Ahora que celebramos el 70º aniversario del Tratado de París que creó la Comunidad Europea del Carbón y del Acero, no está de más recordar que la Unión Europea actual no se ha construido de forma lineal y gradual, sino que la integración ha conocido periodos de estancamiento y de aceleración. No creo exagerar cuando digo que la entrada de España en 1986 coincidió con un periodo de cierta euforia en el proceso de integración europea. En unos pocos años reformamos varias veces los tratados para crear el mercado interior, los fondos de cohesión, el estatuto de ciudadanía europea, el euro o el espacio Schengen.
Sin embargo, el fracaso del proyecto de tratado constitucional de 2005 inauguró una década durante la cual la UE ha encadenado diferentes crisis que han puesto de manifiesto que esa construcción acelerada durante los años noventa fue positiva pero incompleta.

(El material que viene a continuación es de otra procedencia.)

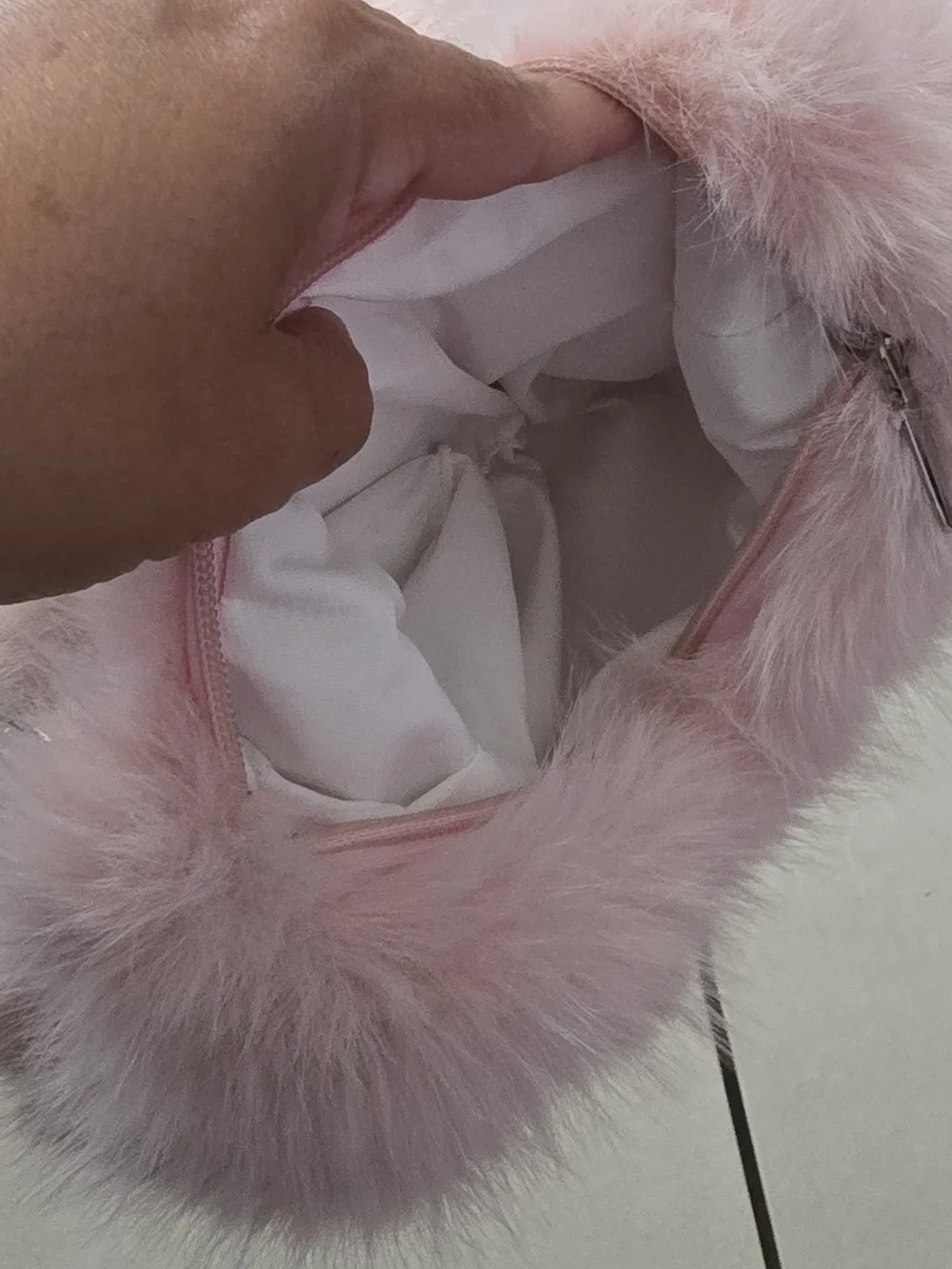 Pink Faux Fur Shoulder Bag with Silver Beaded Strap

No estábamos preparados para situaciones extremas. La crisis financiera de 2008, a la que siguió a partir de 2010 una crisis de deuda soberana, puso en peligro el euro. La crisis de refugiados de 2015 amenazó la libre circulación y la eliminación de las fronteras interiores. El Brexit en 2016 confirmó que el proceso de integración hacia “una unión cada vez más estrecha entre los pueblos de Europa” es reversible e incluso frágil.
Así llegamos a la pandemia. El año 2020 ha supuesto un reto para muchos de nosotros. Para nuestras familias, para nuestras empresas, para nuestros sistemas sanitarios, para nuestras democracias. Para la UE –me atrevo a decir– ha sido un desafío existencial.
Tras unas primeras semanas caóticas en marzo de 2020, durante las cuales los gobiernos nacionales entraron en pánico y cada uno trató de salvar “a los suyos”, no pocas voces volvieron a vaticinar el fin o, por lo menos, el estancamiento…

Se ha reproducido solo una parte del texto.